Burditt told Compass Vermont Sunday night that H.741 is the more specific of two relevant bills, the other being H.529. “If it was up to me we would have continued to work on the bills and advanced them,” he wrote. He confirmed he has not yet been approached by DiSabito about potential next steps but said he is “certainly willing to work with him.”
These people are playing the system like a Stradivarius
That last phrase is Burditt’s, offered in a separate message to Compass Vermont in which he described the Grand Isle case.
DiSabito’s release came with a direct challenge to Zonay’s framing. The defendant in the Grand Isle case, he wrote, “was not an 80-year-old with Alzheimer’s and was not a single mother of three children.” He cited the Vermont Supreme Court’s 2009 ruling in In re Miller — which held that failure to appear is treated “so seriously” because without the accused, “the prosecution could not go forward and the state would be denied its opportunity to seek justice” — and juxtaposed it against a January 2026 Superior Court decision in State v. Gaudette, in which a judge acknowledged a defendant’s court appearance was “critical” but still declined to enforce an unsecured appearance bond for a failure to appear.
Governor Phil Scott has expressed similar frustration, though not in connection with this specific case. “People need to be held accountable for their actions and I don’t think we’ve done that as well as we should,” Scott told WCAX in August 2024. In a separate interview with Vermont Public, he said: “We don’t have an efficient court system because I believe we don’t hold people accountable enough and make sure that they show up in court.”
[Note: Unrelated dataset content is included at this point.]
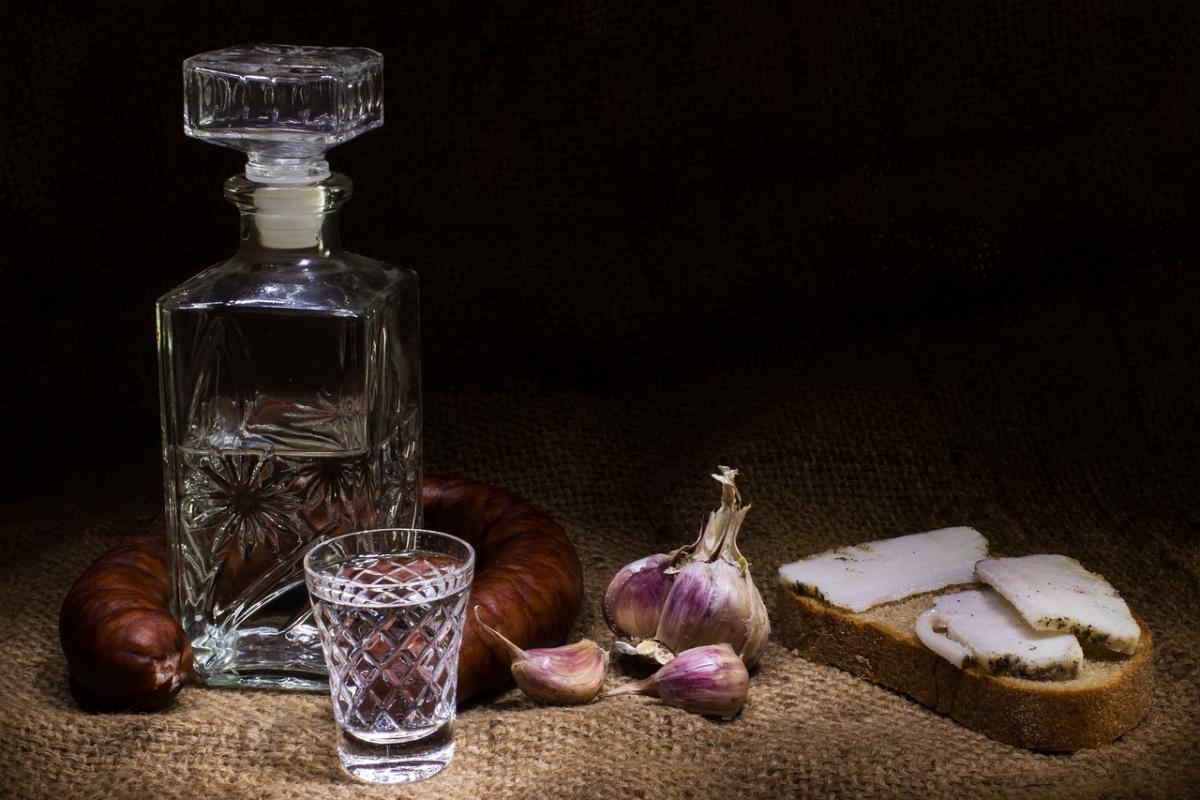 Розповідаємо, чому не можна цокатися на поминках / фото Pixabay Розповідаємо, чому не можна цокатися на поминках / фото Pixabay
A threat, and a stalled bill
DiSabito’s press release concludes with an unusual warning. He writes that he is “considering options that may be available to me within the Executive Branch, including partnering with already-identified and agreed-to members of the Legislative Branch, to ensure this ‘epidemic’ is taken seriously and addressed properly by everyone in all three of our branches.”
DiSabito told Compass Vermont he is not coordinating with other state’s attorneys on the issue.
The 2026 Vermont legislative session is moving toward adjournment. H.741 has had one hearing. The committee has taken no further action.
The defendant in the Grand Isle case is on arrest warrant status as of publication. He has 17 failures to appear in Vermont courts.